More than 20,000 foreign workers have been arrested, after an amnesty that allowed those employed without proper visas to formalise their status ended last week.
Along with labour shortages and mass arrests there is also growing civil unrest, with violent clashes breaking out between workers and residents.
African workers sit on the roof of a police bus with their belongings before being transferred to a centre in the capital Riyadh ahead of their deportation. Photo: AFP
"The crackdown on foreign workers has included raids on businesses and neighbourhoods as well as [the establishment] of police checkpoints," said Adam Coogle, a Middle East researcher for Human Rights Watch.
"If it continues at its current pace it has the potential to provoke more social unrest and potentially violence."
At least three people, believed to be Ethiopian workers, have been killed in clashes this week, the country's ambassador, Muhammed Hassan Kabiera, told Arab News.
Filipino illegal workers eat in their makeshift tent set up on a main street outside their consulate in the coastal seaport city of Jeddah. Photo: AFP
"We have been informed that so far about 23,000 Ethiopians have handed themselves in," Mr Kabiera said.

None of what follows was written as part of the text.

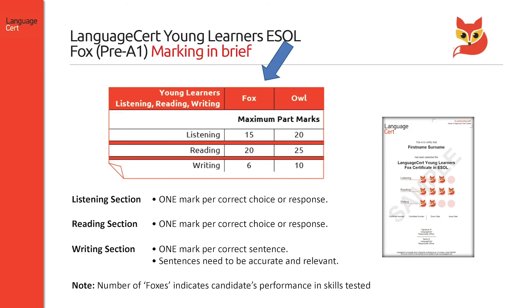Moving on to marking now. For all parts of the listening component, candidates are awarded one mark per correct choice or response. For the reading component, candidates are awarded one mark per correct choice or response. They are not penalised for minor spelling mistakes, such as in reading part four, which asks them to produce a few words. In writing tasks, candidates are awarded one mark per correct sentence provided the sentences are accurate and relevant. In case of minor mistakes, such as punctuation or spelling mistakes, half a mark is subtracted.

The crackdown targets workers who do not have valid residency or work permits, as well as those with valid documents who are not working for the employer designated in their formal papers, Mr Coogle said.

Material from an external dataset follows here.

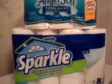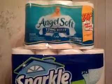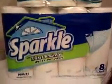Here is transaction four at CVS for week 3. These are on sale two for five dollars — the 12-roll or the 8-roll — for paper towels. This is toilet paper and paper towels.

Almost one-third of Saudi Arabia's 28 million population are foreign workers employed in both skilled and unskilled professions.
But, Mr Coogle warns, workers have little control over their lives, with employers maintaining "inordinate power" over their them, dictating the validity of their residency and work permits, whether they can transfer to other jobs and, ultimately, whether they can leave the country.
Rather than targeting workers, the government should reform its inherently unfair employment system, Mr Coogle said.
In the past, Human Rights Watch and other groups have documented a wide range of abuses, including non-payment of salaries, forced confinement, food deprivation, excessive workloads and instances of severe psychological, physical, and sexual abuse.
Foreign workers are also blamed for so-called "morality crimes" such as drug use, prostitution and alcohol production and supply, said Dr Madawi Al-Rasheed, a visiting professor at the Middle East Centre at the London School of Economics and Political Science.
"Saudi society continues to entertain the illusion that it is pious, conservative and God-abiding and can only be corrupted by foreigners," she wrote on Thursday in the journal Al-Monitor.
"Many Saudis continue to wage war on Westernisation and modernity, blaming both on the presence of foreign elements, the media and globalisation."
The foreign worker is the embodiment of this outside invasion, she warned, and the reaction to them this week has been harsh.
The mistreatment of workers was so severe that in 2011 and 2012 countries providing much of the labour — including the Philippines, Indonesia, Nepal and Kenya — barred their citizens from migrating to Saudi Arabia for domestic work.
Only after the Saudi and Philippines governments signed a bilateral agreement to cooperate on labour issues, which included a $US400-a-month minimum wage, did the Philippines allow its citizens to resume work in Saudi Arabia, Human Rights Watch noted.
In its attempt to create more local employment to tackle an unemployment rate of more than 12per cent and lure more residents into the workforce, the government's crackdown on foreign workers has had unintended consequences.
About 40per cent of small construction firms have stopped work because their foreign workers couldn't get proper visas, Khalaf al-Otaibi, president of the World Federation of Trade, Industry and Economics in the Middle East, told Arab News.
And the state-backed Saudi Gazette reported that 20,000 schools are without janitors, while many bakeries, supermarkets, gas stations and cafes have been forced to close due to the labour shortages.